[Your instructions]: Within the listing below, give again exactly the lines between the one containing "Note Cぴったりサイズの" and the one containing "Volvo V40 2017-06 6220931-12", inclusive, pictures left aside.

[Information given]:
★ ★ ★ ★ ★

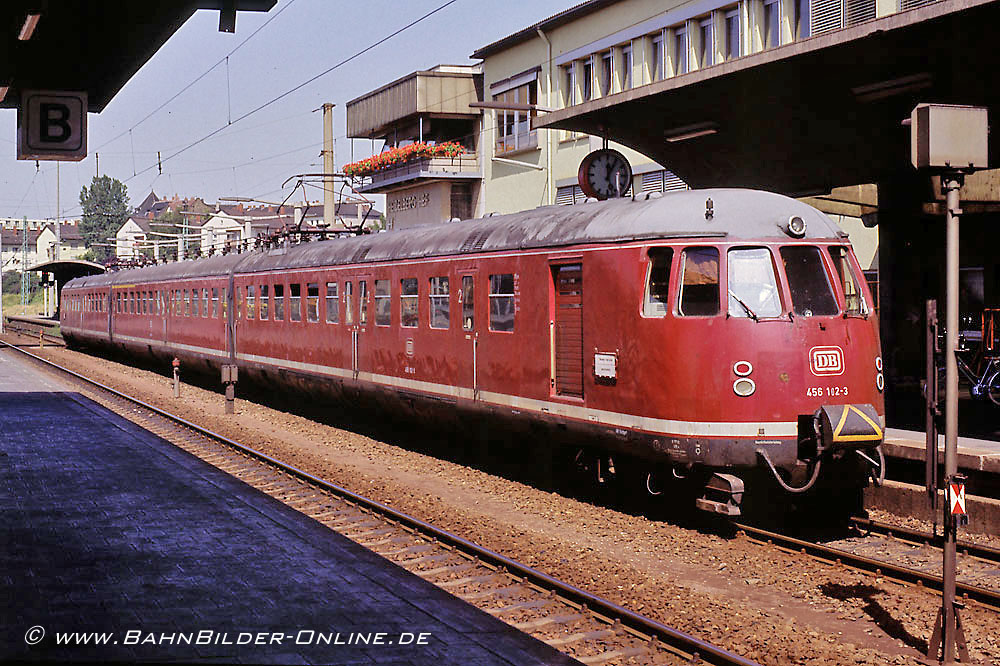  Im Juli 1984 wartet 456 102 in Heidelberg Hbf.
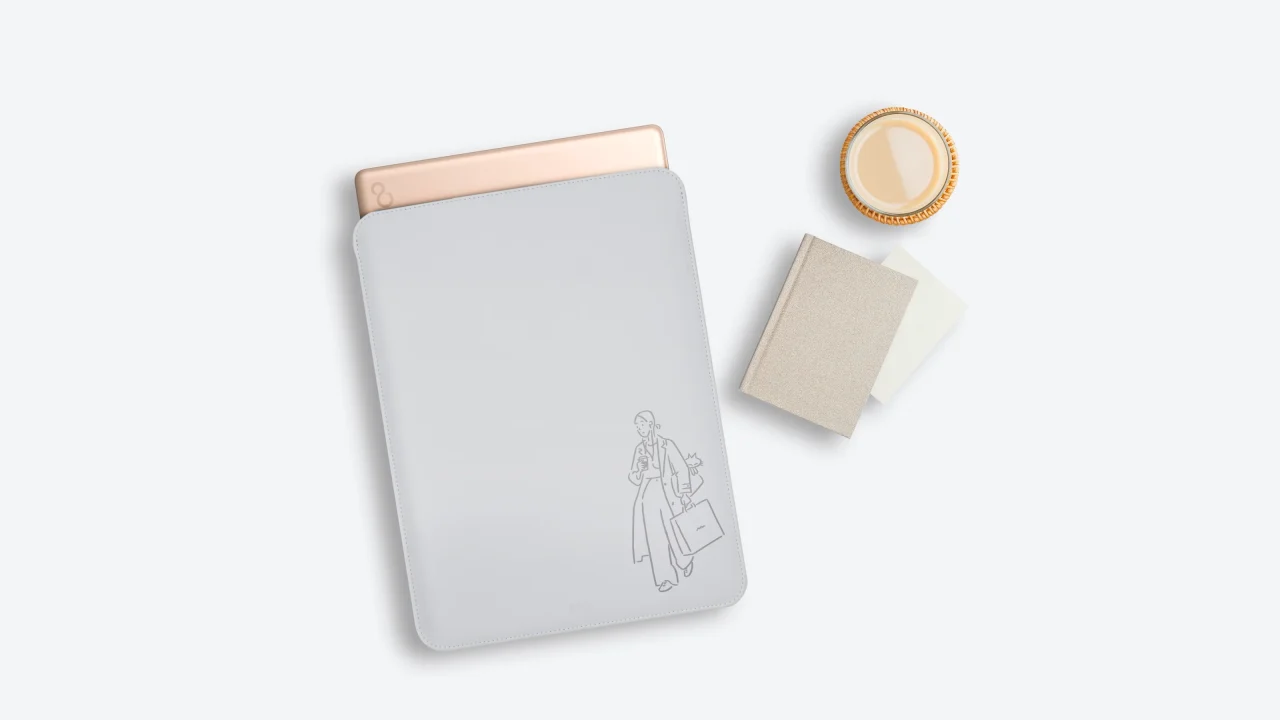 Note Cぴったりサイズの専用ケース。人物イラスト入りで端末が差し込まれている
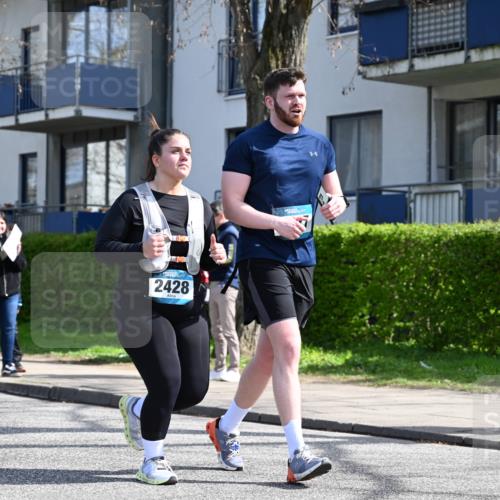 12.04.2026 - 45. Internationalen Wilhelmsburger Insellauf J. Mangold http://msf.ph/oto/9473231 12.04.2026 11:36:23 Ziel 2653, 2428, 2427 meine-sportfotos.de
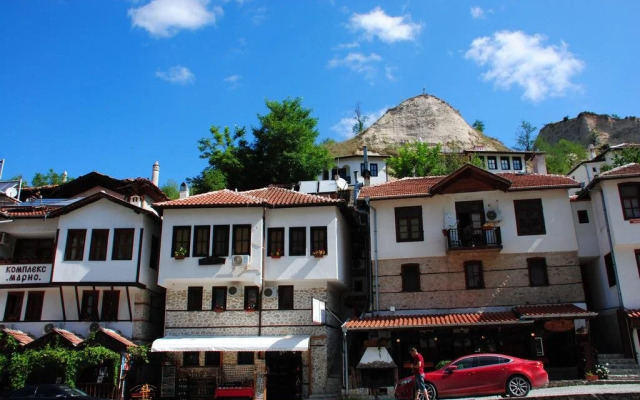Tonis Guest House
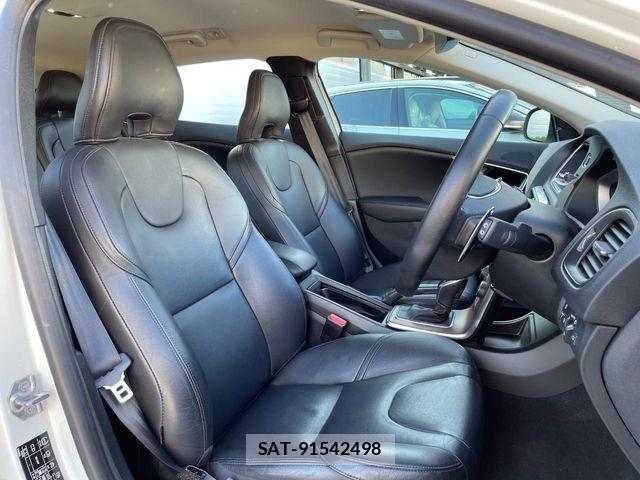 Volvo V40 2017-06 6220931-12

★ ★ ★ ★ ★

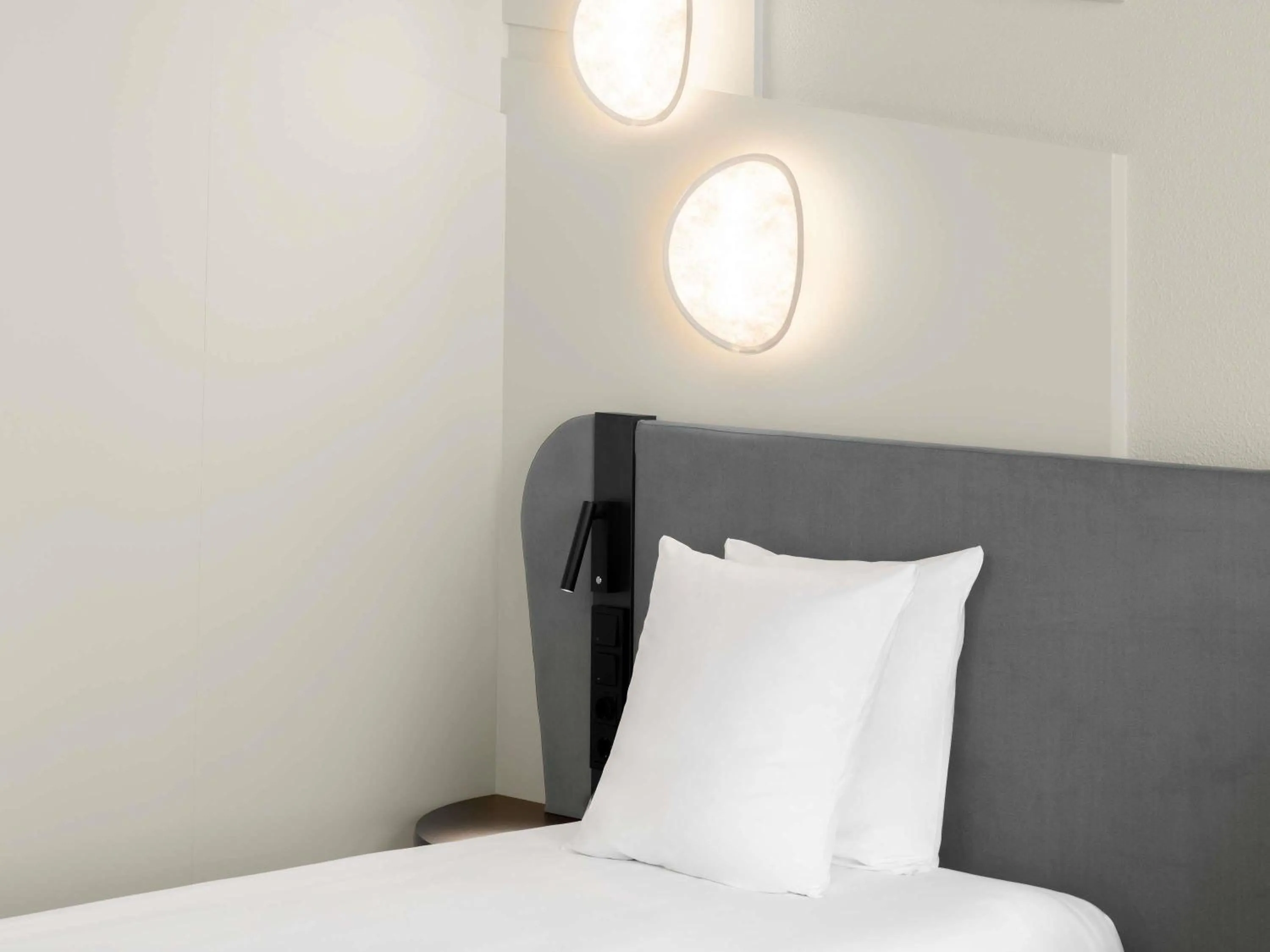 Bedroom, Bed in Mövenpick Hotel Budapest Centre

★ ★ ★ ★ ★

[Task response]:
 Note Cぴったりサイズの専用ケース。人物イラスト入りで端末が差し込まれている
 12.04.2026 - 45. Internationalen Wilhelmsburger Insellauf J. Mangold http://msf.ph/oto/9473231 12.04.2026 11:36:23 Ziel 2653, 2428, 2427 meine-sportfotos.de
Tonis Guest House
 Volvo V40 2017-06 6220931-12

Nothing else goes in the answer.